Davalıların avukatı “Ayrıca, uzun süreç nedeniyle Anayasa Mahkemesi ihlal kararı verdi. Müvekkillerin lehine bir tazminat bildirimi yayınladı. Bu gibi durumlarda, bunun hakkında konuşmamız gerektiğini düşünüyorum. Türkiye Büyük Millet Meclisi de usul kanununda bazı değişiklikler yapmalı ve çok uzun süren davaların bir an önce çözüme kavuşturulabilmesi için özel usul kuralları oluşturmalıdır.” dedi.
Davaya yeni başlayan hakimler için 63 sayfalık özet
Davanın artık sıradan bir dava olmadığını anlatan Battal, “126 yıldır devam eden bir hukuk mücadelesinden bahsediyoruz.
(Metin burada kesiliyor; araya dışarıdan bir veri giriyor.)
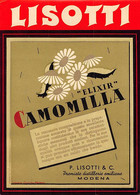 014333 "MODENA - DISTILLERIE EMILIANE P. LISOTTI & C. - ELIXIR CAMOMILLA"  ETICHETTA II QUARTO XX SEC. - Alcohols & Spirits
Yeni hakimin konuyu anlaması için 63 sayfalık bir özet hazırladık. Yani yakın zamanda bir tür tarihi kazı yaptığımızı söyleyebiliriz. Mahkemenin en kısa sürede doğru kararı vereceğini ve kararın hızlı bir şekilde sonuçlanacağını umuyorum.” dedi.
Olaylı Davanın Büyük Tarihi
Bu dava muhtemelen Türkiye’nin en uzun süredir devam eden davasıdır ve 18 No’lu Dava Dosyası ilk olarak 21 Mayıs 1896’da Mardin Bidayet Mahkemesi’nde açılmıştır. 1893 yılında Osmanlı Devleti’nde Ersak ailesinden Daşlı Hamdan Ağa, Eren ailesinden Fendo Ağa, Bulut ailesinden Fendiko, Keleş ailesinden Huti, Haydar, Mahmut ve Hüseyin Sado arasında açılan dava, bugün de Osmanlı’nın torunları tarafından devam etmektedir. Muhtemelen Osmanlı döneminde köy muhtarı Ali Fendi Ağa’nın ölümünden sonra varisler ve Ali Biro arasında anlaşmazlıklar çıkmış, Ali Fendi ve Ali Biro hisselerinin yarısını Ensalizadeh Şeyh İbrahim ve Hamdan Ağa’ya satmıştır. Birbirlerine karşı taksit, tapu ve satışların geçersiz olduğu iddiasıyla açılan davalar bugüne kadar devam ediyor.